Nerwowość rynku w ostatnim czasie powoduje sporą zmienność kursów walutowych, a także nie sprzyja spokojnej ocenie ryzyka inwestycyjnego. Decydujące dla rynku stały się informacje, których pojawienie się jest trudne do przewidzenia. W rezultacie inwestorzy są nimi zaskakiwani, co prowadzi do gwałtownych procesów dostosowawczych na rynku. Taka sytuacja nie sprzyja podejmowaniu ryzyka, co sprawia, że w najbliższym czasie trudno spodziewać się zmasowanego powrotu byków na rynki akcyjne. Zapewne w najbliższym czasie dominować będzie zwrot inwestorów w kierunku bezpiecznych aktywów, co nie wróży dobrze walutom krajów wschodzących, w tym złotemu. Z drugiej strony jest to okazja dla amerykańskiej waluty, gdyż w tych warunkach powinna zyskiwać ona na wartości.

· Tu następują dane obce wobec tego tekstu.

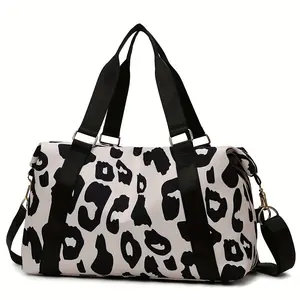 Leopard Print Large Capacity Sports Shoulder Bag, Dry And Wet Separation Luggage Fitness Lightweight Travel Storage Bag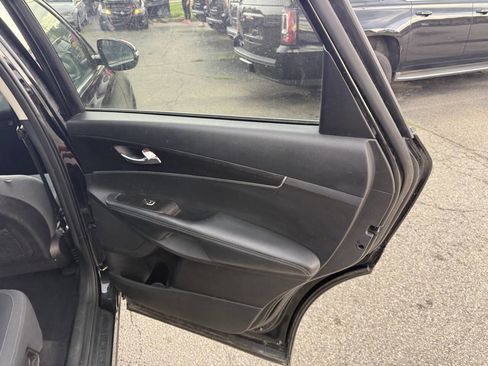 Used 2018 Kia Sorento L image 18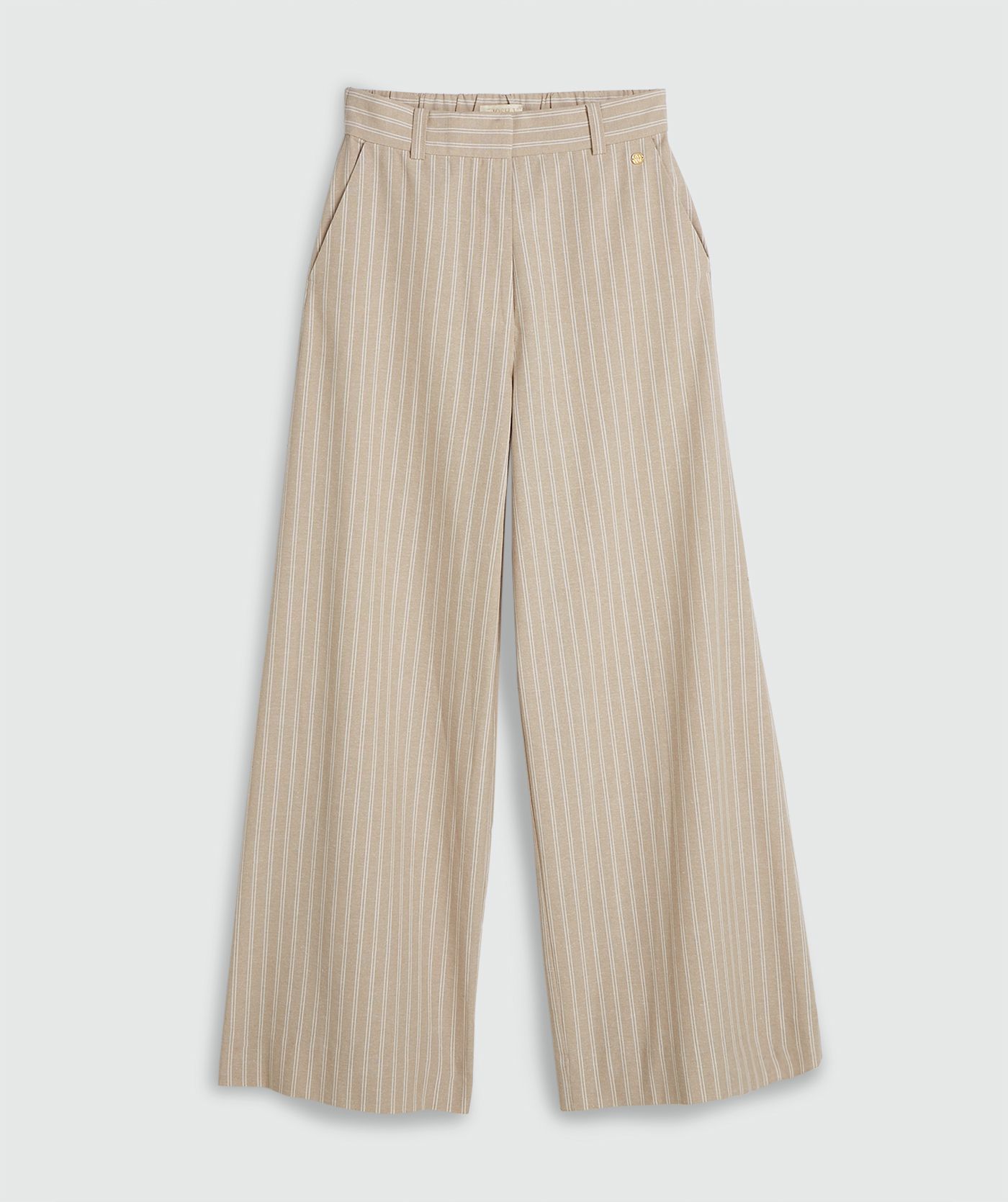 Een mid rise wide leg pantalon met strepen in de kleur Stone Stripe, zonder model, weergegeven op een lichtgrijze achtergrond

Decydująca jednak dla skali reakcji na tego typu negatywne informacje będzie jednak techniczna sytuacja na rynku jena, gdyż dzisiejszej gwałtownej ucieczce od ryzyka sprzyjał fakt, że wzrostowa korekta na rynku EURJPY dotarła do poziomów, w których trudno było o dalsze wzrosty i dlatego informacje o kłopotach funduszy BNP Paribas dość łatwo mogły umocnić japońską walutę. W rezultacie powrotu kapitału do Japonii został wygenerowany techniczny sygnał kupna jena za euro w postaci spadku kursu EURJPY poniżej krótkoterminowej linii trendu wzrostowego z poziomu 160,40 w okolice 165,30. Utrzymanie się tego kursu poniżej tej linii, która obecnie przebiega w okolicach 162,80 zwiększa szanse na atak kursu tej pary walutowej na linię 200 dniowej średniej kroczącej, zlokalizowanej w okolicach 160,50. Przełamanie tego wsparcia będzie zapewne trudnym zadaniem, do którego potrzebne będą kolejne niepokojące informacje z rynku kredytów hipotecznych, bądź wynikające z kryzysu na nim.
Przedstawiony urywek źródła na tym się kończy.